Deitada sob uma toalha colorida, de bruços, bunda esparramada, coxas esparramadas, braços esparramados. Não é ruim ter que advertir, ou chamar a atenção. Isso até que me dá certo prazer. O ruim, ruim mesmo, é ser obrigada a olhar para o alvo, lambuzado de blondor, estatelado como uma omelete mal embrulhada.

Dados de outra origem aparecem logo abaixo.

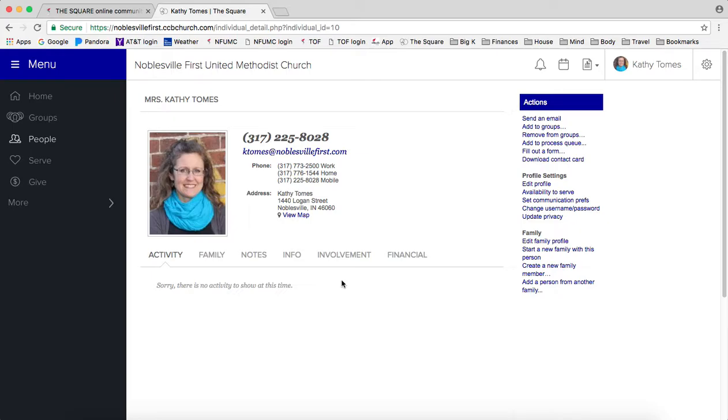If you have any questions about this task or others that you can do in the square, you can contact Brooke Crum in the office at B-C-R-U-M at NoblesvilleFirst.com or you can call the office at 317-773-2500. Thanks!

Não sei ver sem olhar, sem analisar e observar os mínimos detalhes. Oito segundos para mim são suficientes. Vejo fios mais longos que o resto, saindo pela dobra da bunda, unida à parte superior da perna. Caroços inflamados com emaranhados de pelos grossos e encravados. Uma tatuagem embaçada, uma flor, talvez um dragão. Os pêlos já com as pontas descoloridas, iniciando seu percurso rumo à raiz.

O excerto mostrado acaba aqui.